The Chronicle Herald ran a piece on the front of their business section on Saturday about blogs. My comments were included and here is the full text of my submission. As an aside, the paper saw fit to cut the Scoble piece... I guess they had trouble understanding how a blog can nourish a business from the inside out... surprise, surprise...
Anyway, here it is:
Blogs, at their core, represent the humanization of the web. As such, they demand authenticity. Blogs are a human-to-human medium, not a business-to-consumer channel. Businesses seeking to tap into the power of blogs must recognize this fundamental difference – successful blogs cannot be littered with filtered PR-speak. Bloggers must write in their own voice. They must be human.

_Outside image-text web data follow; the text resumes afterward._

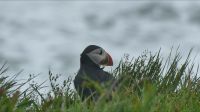 Rundreise Island - Puffins an der Landspitze Dyrholaey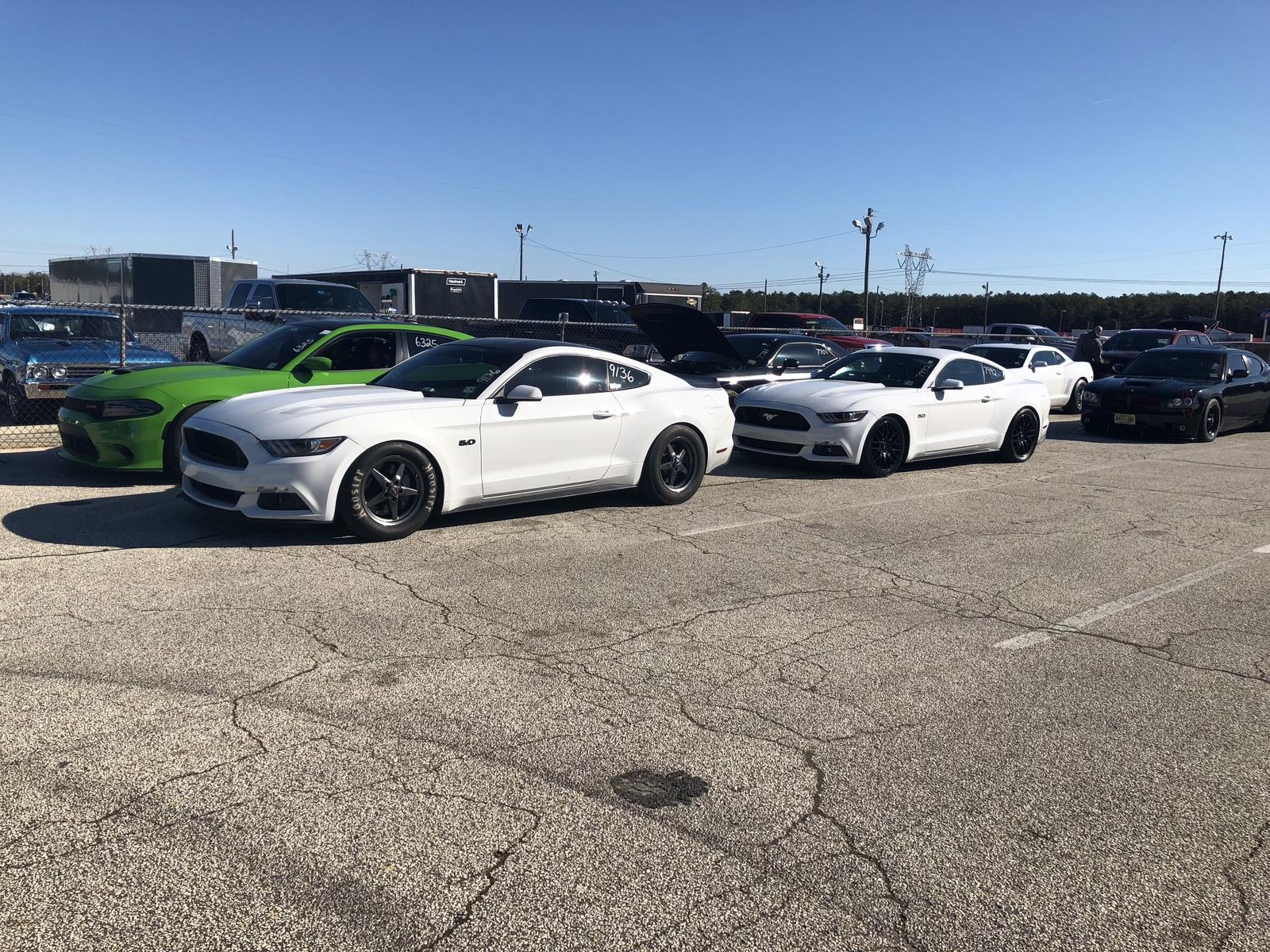 377357IMG_7553.jpg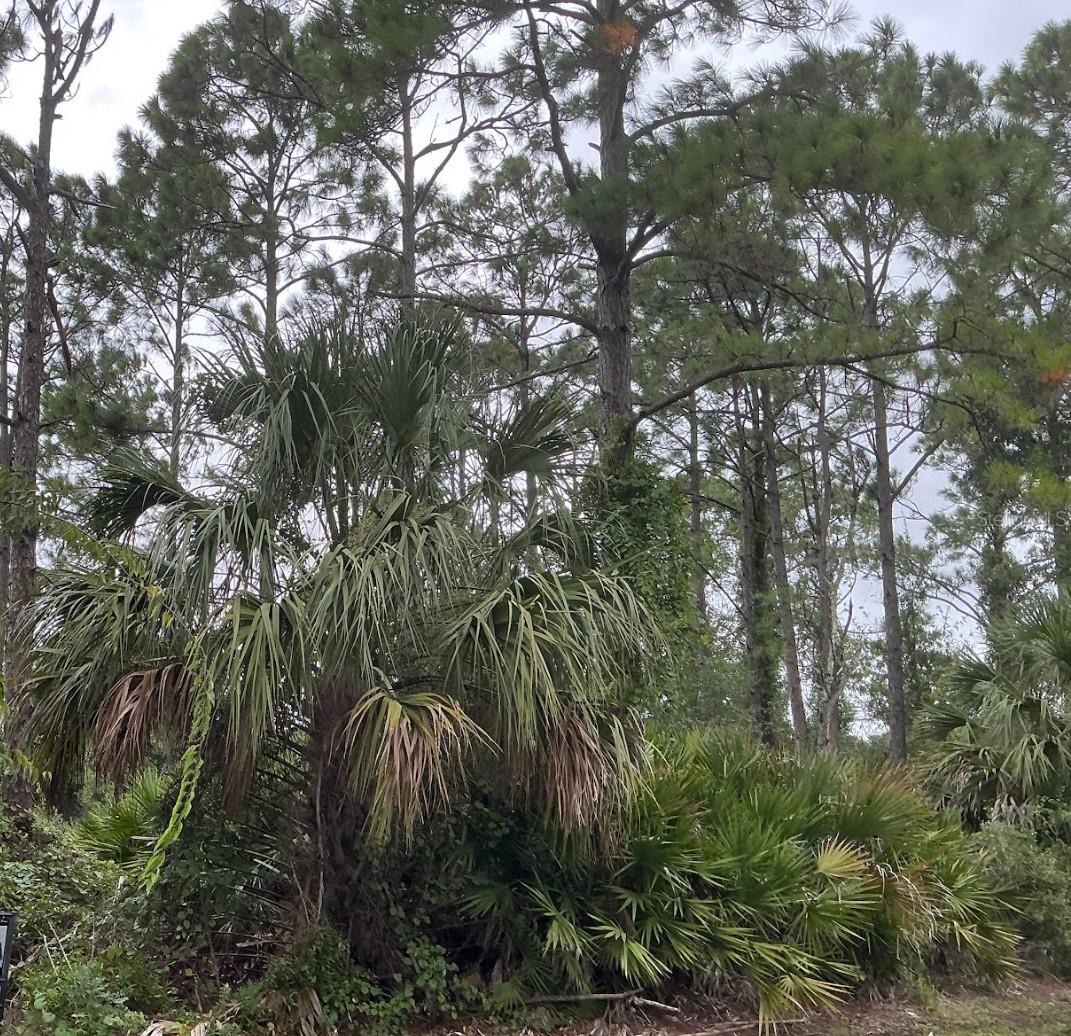PALM COAST SEC 23 - Land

Consequently, the power of blogs for business is most certainly not in serving up the same old web ads on your blogs of choice. It is only when businesses begin to view their markets as conversations that their real strength is revealed: blogs allow businesses to talk with their customers in a profoundly different and compelling way.
Robert Scoble’s popular blog, Scobleizer (scobleizer.wordpress.com), had a dramatic impact on his employer, Microsoft. Scoble’s open and honest dialogue about his employer – both good and bad – enabled a powerful conversation delivering key insights and thinking, from independent software developers and others, to those directly inside Microsoft.
Whether you’re looking for a bespoke suit (englishcut.com), a great bottle of wine (stormhoek.com), or a fantastic yacht (fenderkicker.typepad.com), great examples of business blogs abound. You will know them when you read them – they communicate with passion in a direct, genuine way that is unmistakably human.